At last – the perfect scriptural passage to illustrate the tension between what I think of as “supernaturalism” and “Deism” 🙂

Supernaturalism accepts a metaphysical dimension that supercedes nature, and is not subject to direct observation. Theism is intrinsically supernatural. If we believe in God at all, we must accept the idea that the supernatural exists, since God is, by definition, supernatural.

One definition of Deism … is the classical view that the universe was created by a God who then makes no further intervention in its affairs, often expressed by the metaphor of the “Divine Watchmaker” with creation being self-regulating. In this view, the reason God does not intervene in the world (via miracles) is not simply that he does not care, but rather that he has already created the best of all possible worlds and any intervention could not improve it.

One area of difference between Deism and supernaturalism is the acceptance/denial of miracles like the raising of Lazarus. What is a miracle?

Thomas Aquinas says … those things are properly called miracles which are done by divine agency beyond the order commonly observed in nature (praeter ordinem communiter observatum in rebus),

A Deist viewpoint of miracles might be summed up by the thoughts of Spinoza (1670) who believed that they do not occur as nothing happens contrary to the eternal and unchangeable order of nature which God has set up.

I guess you guys know which I am – a supernaturalist. I believe the miracles in the NT did occur and, like CS Lewis, I don’t think there’s a contradiction between a miracle and the laws of nature. As he says …

By definition, miracles must of course interrupt the usual course of Nature; but if they are real they must, in the very act of so doing, assert all the more the unity and self-consistency of total reality at some deeper level. … In calling them miracles we do not mean that they are contradictions or outrages; we mean that, left to her [Nature] own resources, she could never produce them.

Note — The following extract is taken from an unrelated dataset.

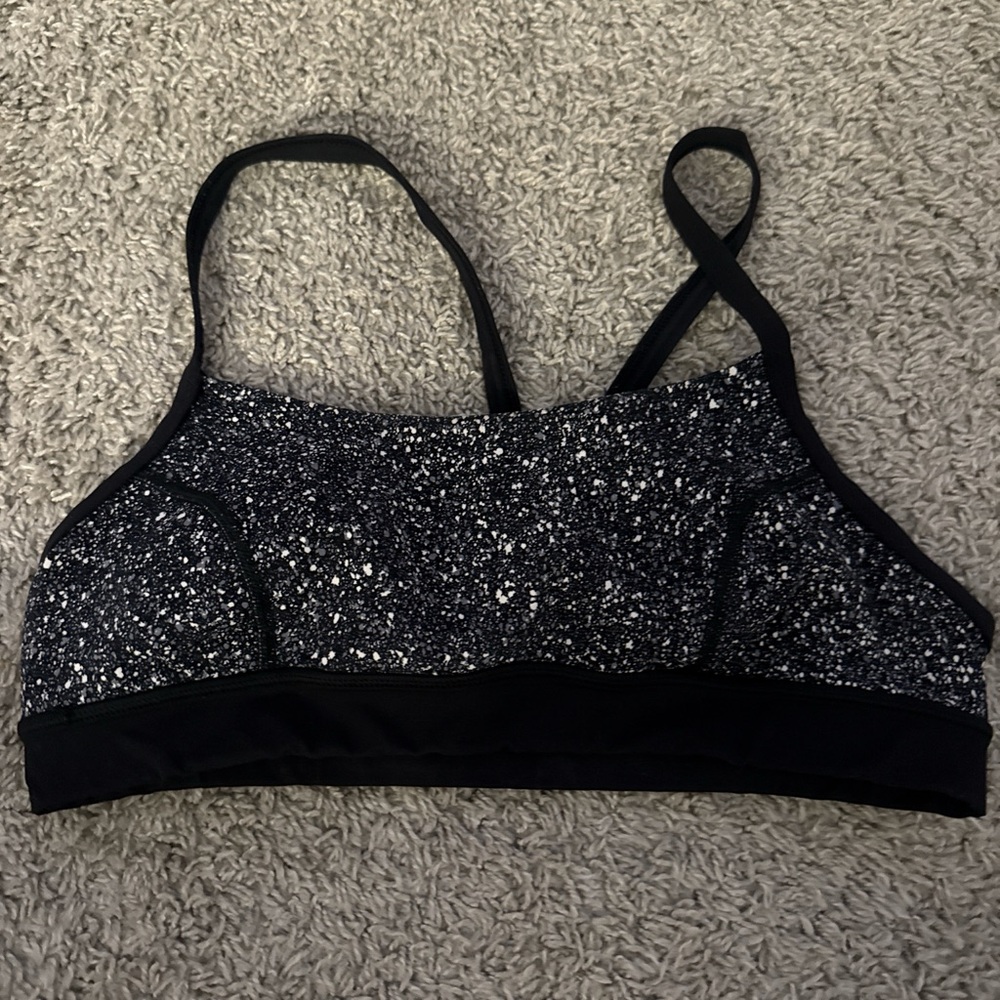 lululemon athletica Black and White Patterned Sports Bra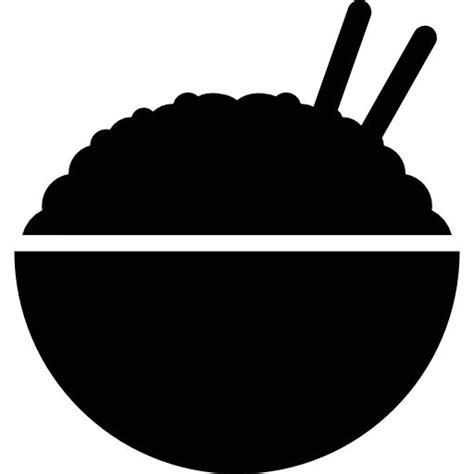 Download Rice Bowl Silhouette With Chopsticks Side View for free | Rice ...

All of this is, of course, just the hashing about of ideas and beliefs … I know mine are no more valid than anyone else’s … it’s just fun sometimes to talk about them 🙂

3 responses

  1. Well — Larry should appreciate the Blake pic :0)I would call myself a soft-supernaturalist based upon your definitions. While I accept the possibility of miracles I treat any given potential instance with skepticism. Mircales in the sense of direct interventions contrary to the usual order of things are by deinition so unusual that any given potential case is likely to be explainable by other causes.OTOH: God maybe (is) re-creating the universe moment by moment. That emans each sunset, each flower bloom, each braeth we draw is a direct intervention of the divine into our awareness.So i guess my answer about miracles is — depends what you mean by miracle.

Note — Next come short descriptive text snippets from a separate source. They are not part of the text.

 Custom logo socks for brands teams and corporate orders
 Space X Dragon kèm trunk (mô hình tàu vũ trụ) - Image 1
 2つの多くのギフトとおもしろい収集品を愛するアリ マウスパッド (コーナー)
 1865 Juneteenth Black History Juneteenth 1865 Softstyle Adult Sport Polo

  2. Yes, I was reading that the catholic church now usually only works with medical miracles. And there are strict guidelines for what can count as a possible medical miracle … They apply criteria established in the 1700s by Pope Benedict XIV: among them, that the disease was serious; that there was objective proof of its existence; that other treatments failed; and that the cure was rapid and lasting… Leukemia remissions are not considered until they have lasted a decade…. “Inexplicable,” or inspiegabile, is the happy label that Di Ruberto, the doctors and several other clerics in the Vatican’s “medical conference” give to a case if it survives their scrutiny. It then passes to a panel of theologians, who must determine whether the inexplicable resulted from prayer. If so, the miracle is usually approved by a caucus of Cardinals and the Pope. Modern Miracles Have Strict Rules, David Van Biema, TIME, April 10, 1995

  3. As a naturalist I believe nature was created by God, who works through nature in performing all mighty acts. We call some of them miracles because we don’t understand how they happened.But remember we understand only a tiny, tiny fraction of nature. I don’t call something supernatural because I don’t understand how it happened. I don’t undertstand one heck of a lot about anything.Well, my rant ends here.